Automated Detection of Stealth Attacks on the Operating System Kernel
September 28, 2009
Speaker: Arati Baliga, Rutgers
Time: Monday, September 28, 2PM
Location: Babbio 221
Host: Vivek Pathak
The operating system kernel is implicitly trusted by applications running on a computer system. An attack on the operating system kernel that alters its state is critical because it puts all applications at risk. A compromised system can be stealthily exploited by the attackers, in several ways, such as exfiltration of sensitive information, wasteful usage of the system's resources, adversely affecting system performance or involving it in fraudulent or malicious activities without the user's knowledge or permission. The lack of appropriate detection tools allows such systems to lie within the attackers' control for indefinite periods of time.
Stealth attacks on the kernel are carried out by malware commonly known as rootkits. Though rootkits have considerably increased in sophistication over the past few years, their primary purpose is to conceal the presence of the attacker and therefore, focus on hiding user level objects. In this talk, I will present a new class of stealth attacks on the kernel that we have identified, which do not attempt to hide objects but are inherently stealthy by design. They achieve their malicious objectives by solely modifying data within the kernel. I will also describe an automated technique that can be used for detection of such stealthy data-centric attacks. The key idea behind this technique is to automatically identify and extract invariants exhibited by kernel data structures during a training phase on a clean kernel. The hypothesis is that rootkits that manipulate kernel data violate some of
these invariants and therefore, can be detected. These inferred invariants are then used as specifications of data structure integrity and are enforced during runtime.

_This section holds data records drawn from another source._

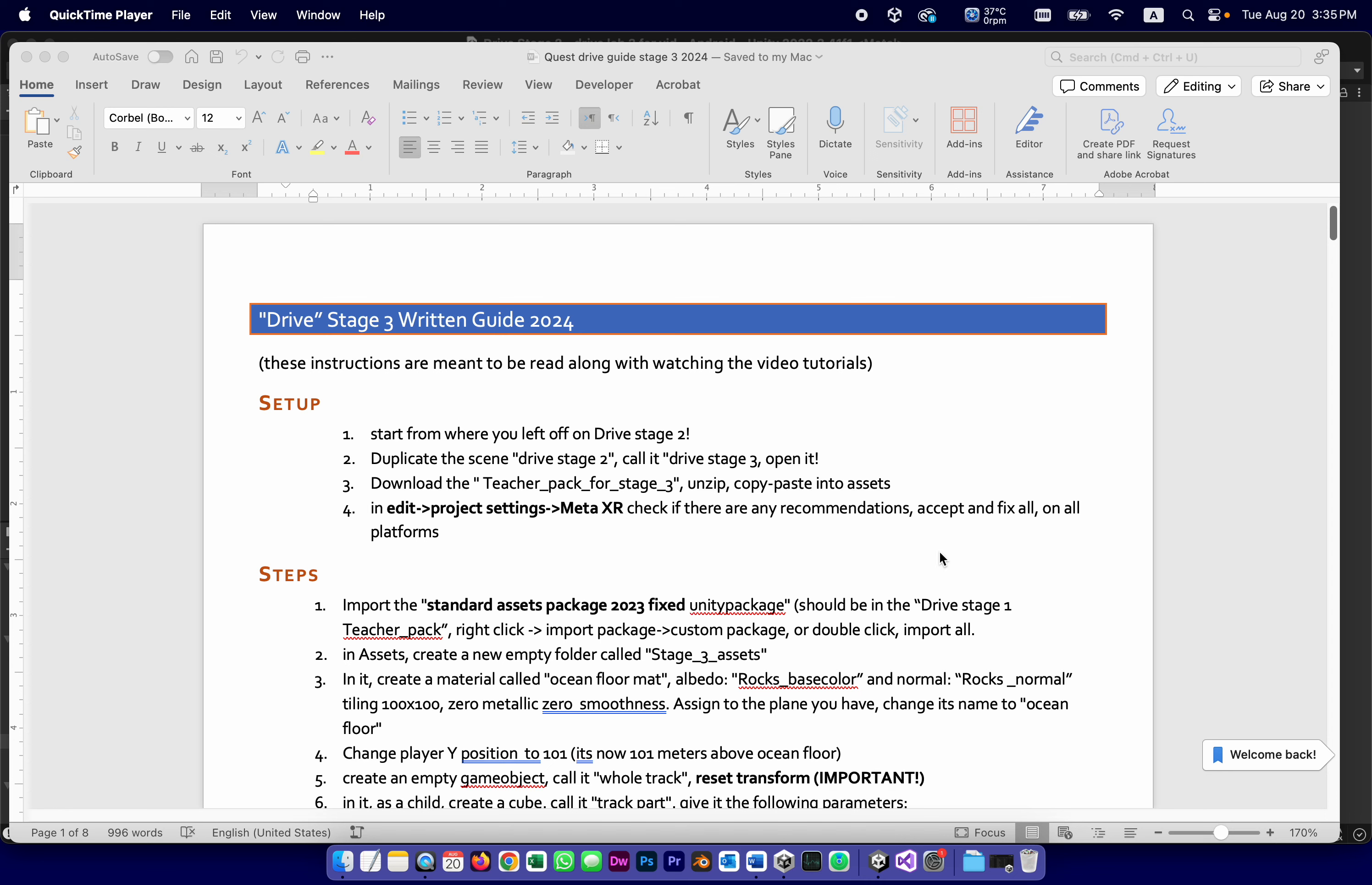This is video number six in the series for constructing our Drive app. It is also the beginning of stage three, so this video is labeled as video number six, stage three, part one. As usual, we have the written instructions. Let's start following them.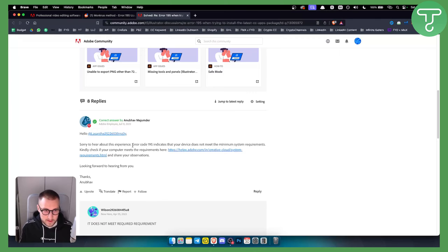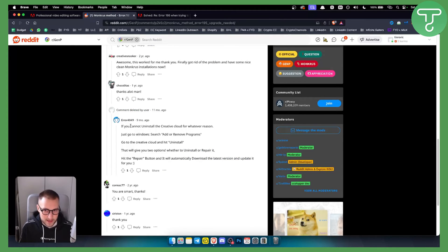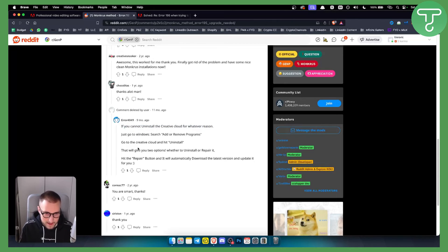This error code can also happen for multiple different reasons, such as maybe a Creative Cloud error as well. As you can see right here on Reddit, I found one person that had this error code. You can also uninstall the Creative Cloud, but what you can do instead of uninstalling it is basically go and repair it.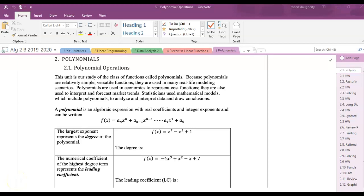So what we're going to study in this particular unit is polynomials. Polynomials are very handy in studying economics. We've studied a couple of polynomials — a line is a polynomial, it's a linear polynomial; a quadratic is a polynomial.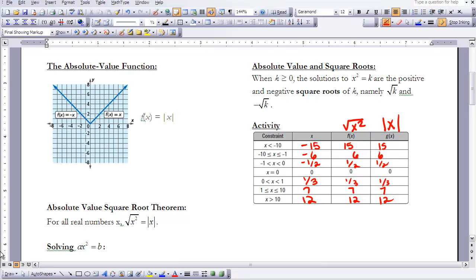As you can see in the completed table, for every value of x used, f(x) equaling the square root of x squared always gave the same result as g(x) equaling the absolute value of x. This leads us to the absolute value square root theorem: for all real numbers x, the square root of x squared equals the absolute value of x.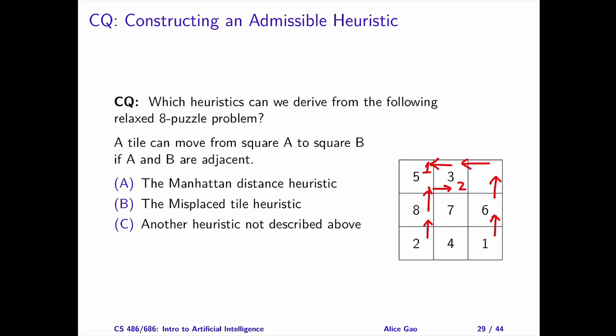For each tile that's not in its goal position, how many moves do we need to move it into its goal position? Since we're on a grid, the number of moves is equal to the Manhattan distance between its current position and its goal position.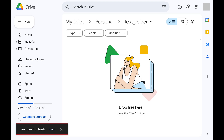Files will be automatically deleted from the trash after 30 days. If you change your mind, you have a 30-day window where you can restore deleted files from the Google Drive trash.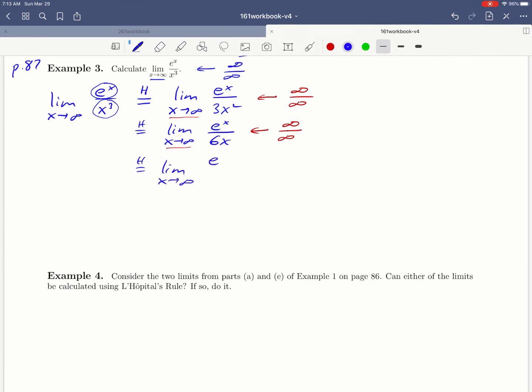So if we take the derivative this time, that numerator is going to just stay the same. We're taking the derivative of e to the x and the derivative of 6x is 6. And this is a good sign because notice that that denominator now is not going to go off to infinity, which means that this limit no longer has an indeterminate form, which hopefully means we can calculate the limit without having to use L'Hopital's rule again.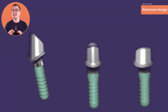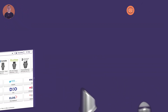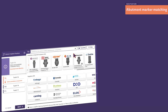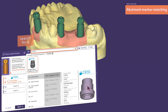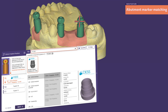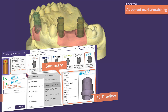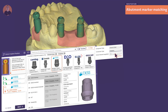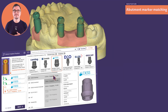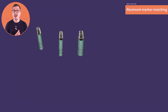Our implant library has been getting larger and larger to give you the maximum freedom of choice. Now we've made it easier to find the right library for your case with an all-new sleek implant dialog. Just start typing to quickly find the component you need. The 3D preview in the summary sheet helps confirm your selection at a glance, and you can filter by component, connection type, and angulation.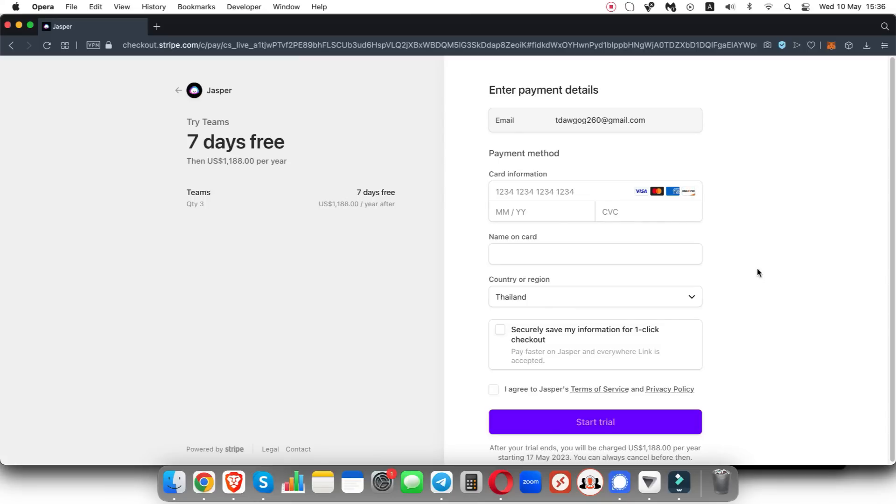Again, you can cancel at any time. There's no commitments if you cancel, but if you do enjoy Jasper AI and you want to continue using their service, after that seven days you will get billed. You can choose to get billed either monthly or annually. If you choose annually, you save some money. If you choose monthly, that's what most people are probably going to do.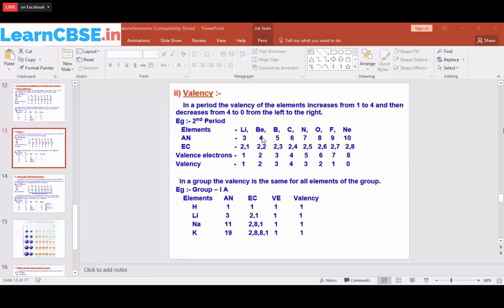For example, the second period contains lithium, beryllium, boron, carbon, nitrogen, oxygen, fluorine, and neon. Their atomic numbers are 3, 4, 5, 6, 7, 8, 9, and 10. Lithium has electronic configuration 2,1 — the first shell can occupy a maximum of two electrons, so two electrons go in the first shell and the remaining one goes in the second shell.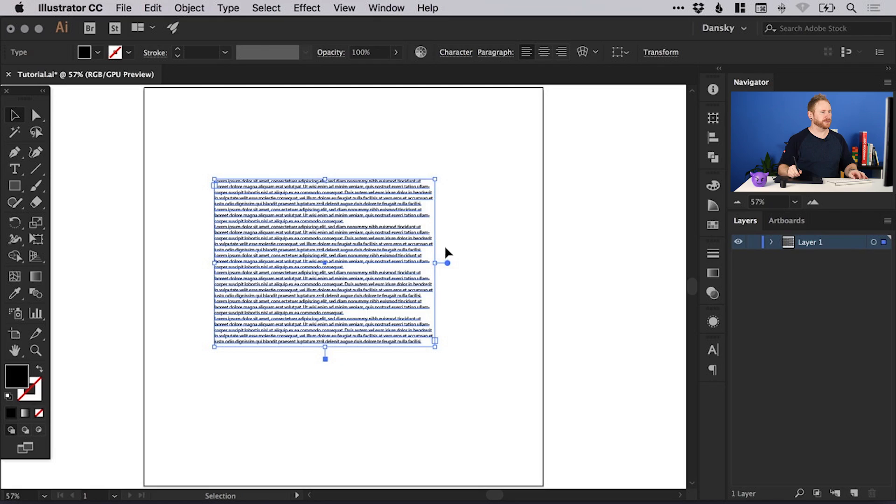If you don't know what the text is going to be for the design, you can fill it with placeholder lorem ipsum text, and it will give you a good idea of how it's going to look. You can also use this to mock up a design if your client doesn't know what the text is going to be yet. Now you can see we've pasted this placeholder text into the text box.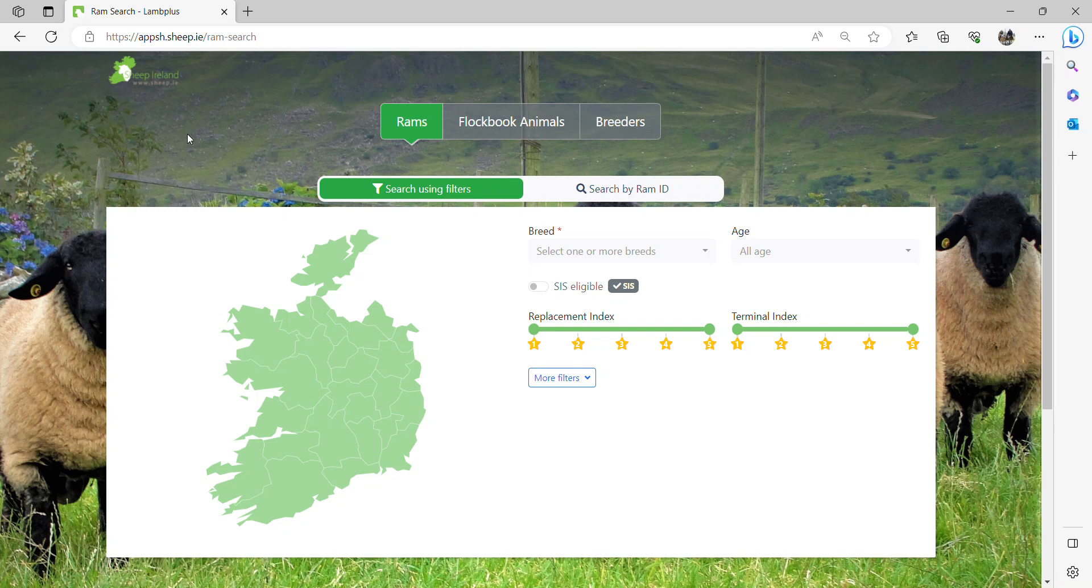Using our ram search online is very easy. You have different options and filters for selecting animals.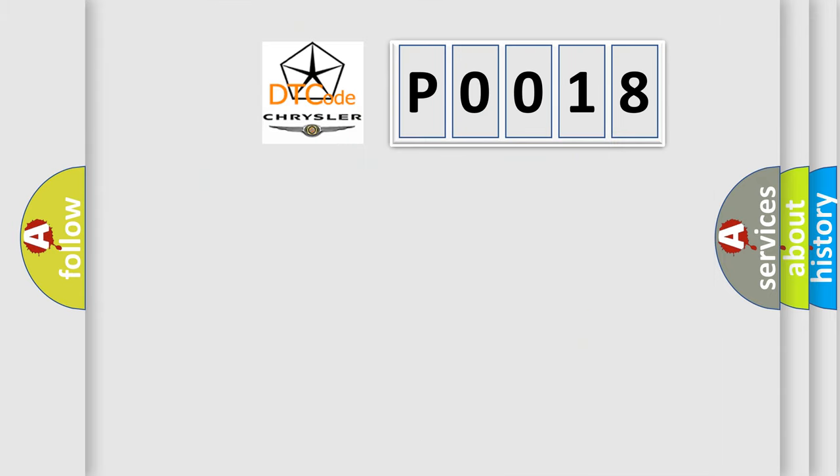So, what does the diagnostic trouble code P0018 interpret specifically for Chrysler car manufacturers?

Arati Baliga is a Research Associate at the Wireless Information Network Laboratory (WINLAB), Rutgers University. Her current research includes improving the security and reliability of application programs using transactional memory and securing cognitive radio networks. She completed her Ph.D in January 2009 from the department of Computer Science at Rutgers. Her research interests span system security, security in wireless and emerging networks, operating systems and distributed systems.